* YOUR TASK *
All of the data goes into your copy exactly as written. Images do not.

* COLLECTED MATERIAL *
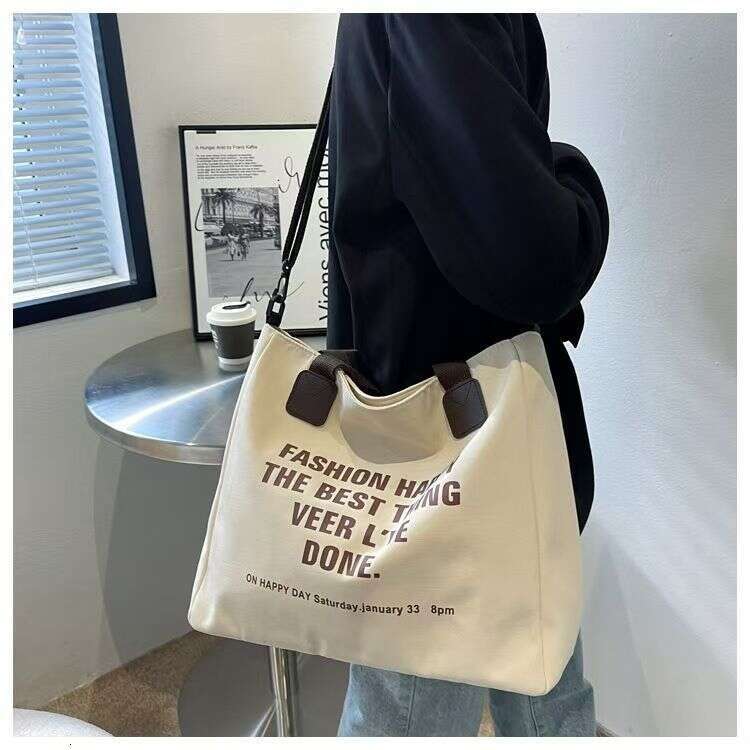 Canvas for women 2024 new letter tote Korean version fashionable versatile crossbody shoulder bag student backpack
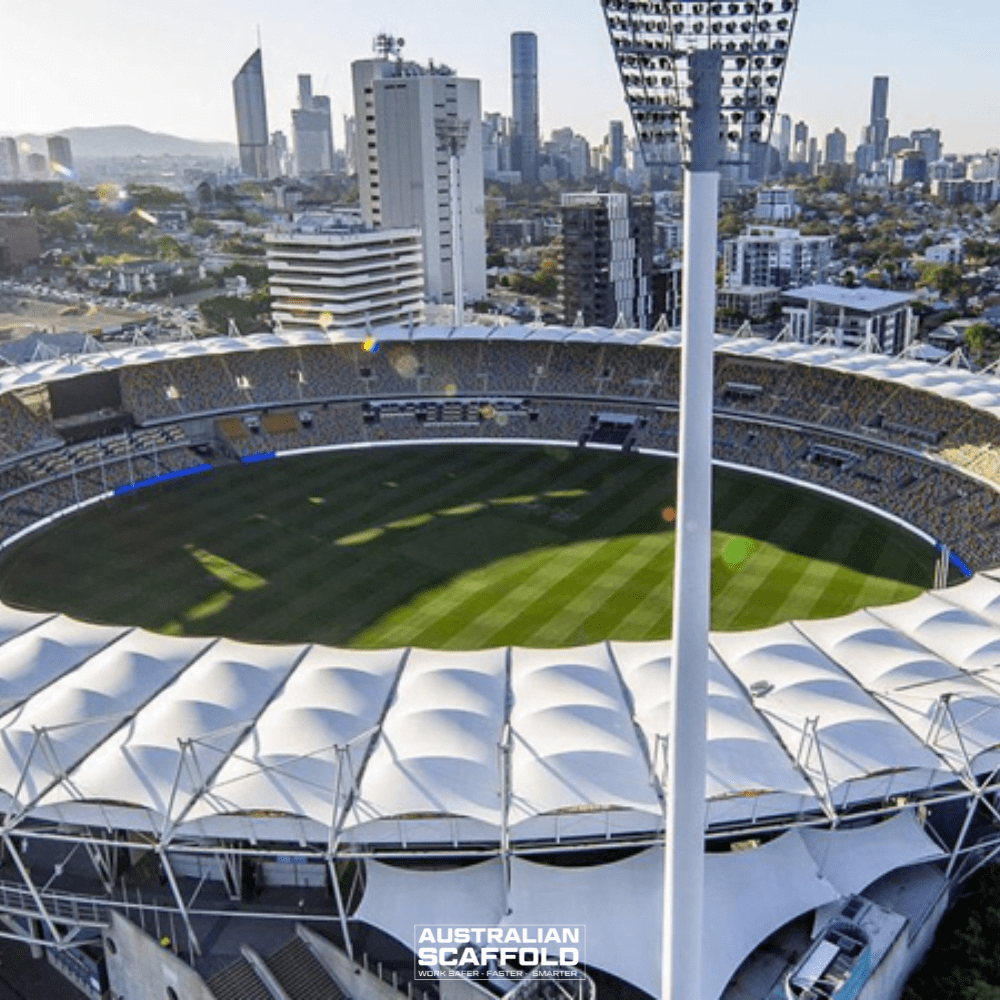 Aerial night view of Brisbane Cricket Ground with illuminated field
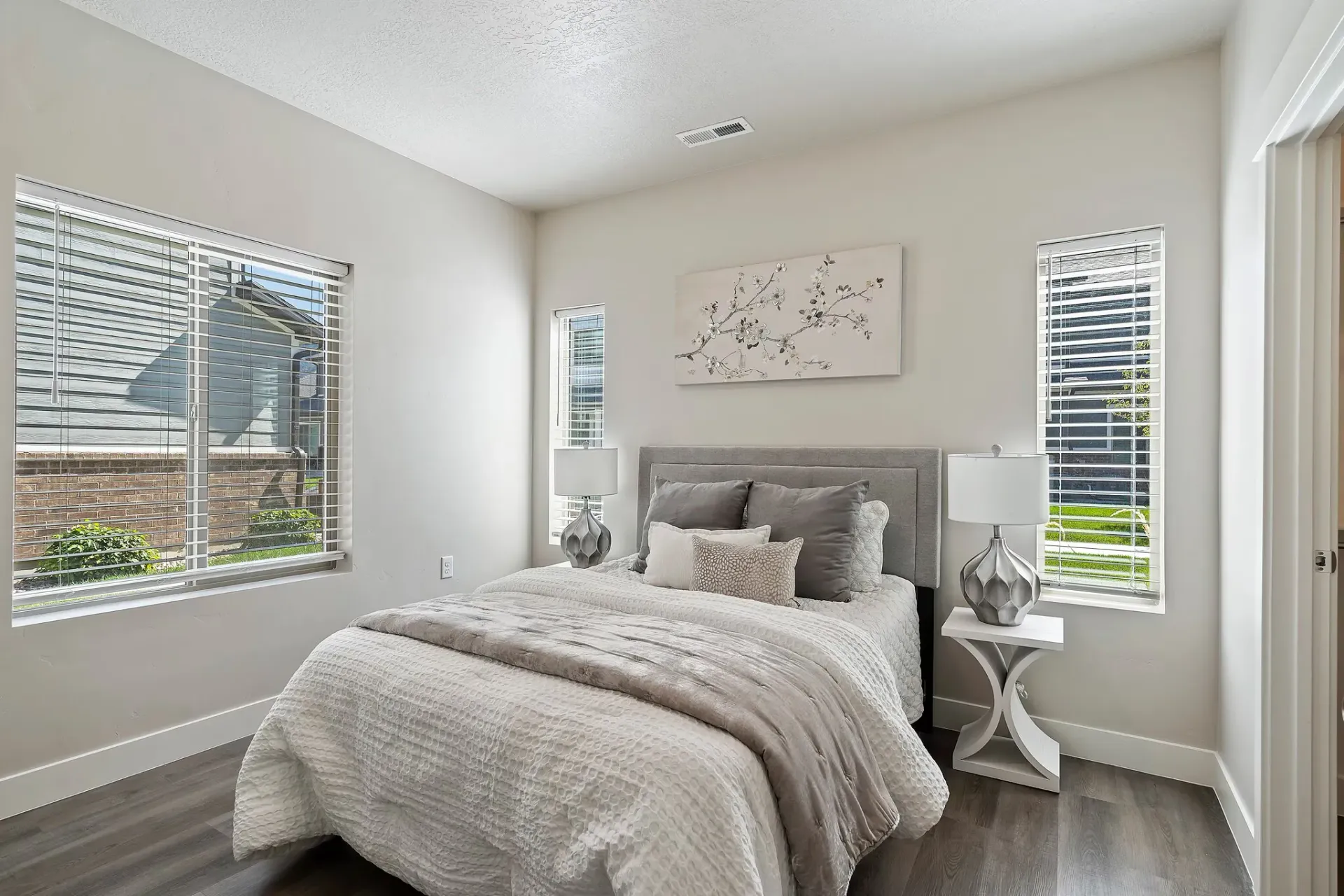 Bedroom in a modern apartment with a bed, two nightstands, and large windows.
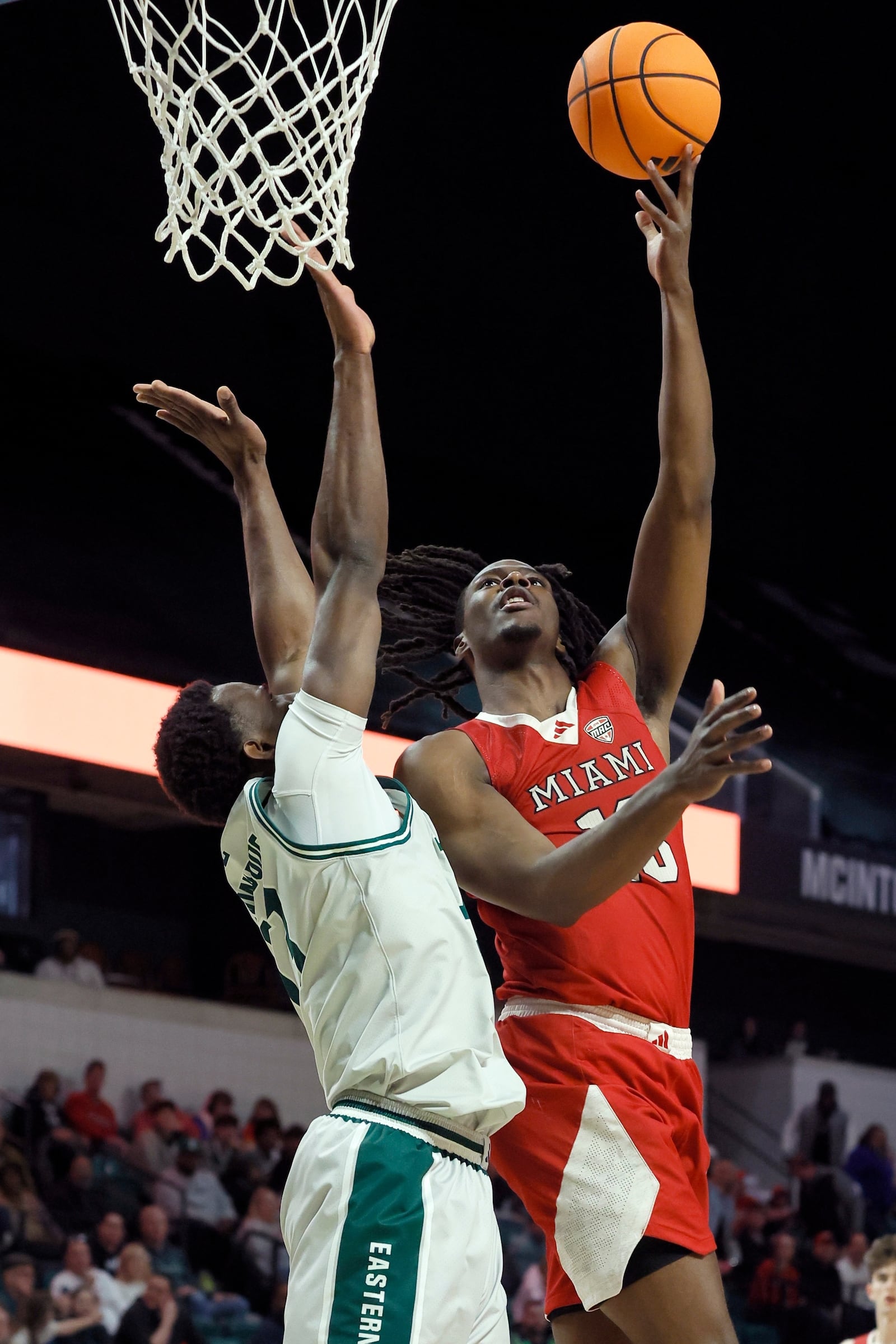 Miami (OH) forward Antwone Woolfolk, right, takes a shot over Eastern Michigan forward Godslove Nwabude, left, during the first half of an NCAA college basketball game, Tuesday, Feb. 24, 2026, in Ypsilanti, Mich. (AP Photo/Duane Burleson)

* RESULT BELOW *
 Canvas for women 2024 new letter tote Korean version fashionable versatile crossbody shoulder bag student backpack
 Aerial night view of Brisbane Cricket Ground with illuminated field
 Bedroom in a modern apartment with a bed, two nightstands, and large windows.
 Miami (OH) forward Antwone Woolfolk, right, takes a shot over Eastern Michigan forward Godslove Nwabude, left, during the first half of an NCAA college basketball game, Tuesday, Feb. 24, 2026, in Ypsilanti, Mich. (AP Photo/Duane Burleson)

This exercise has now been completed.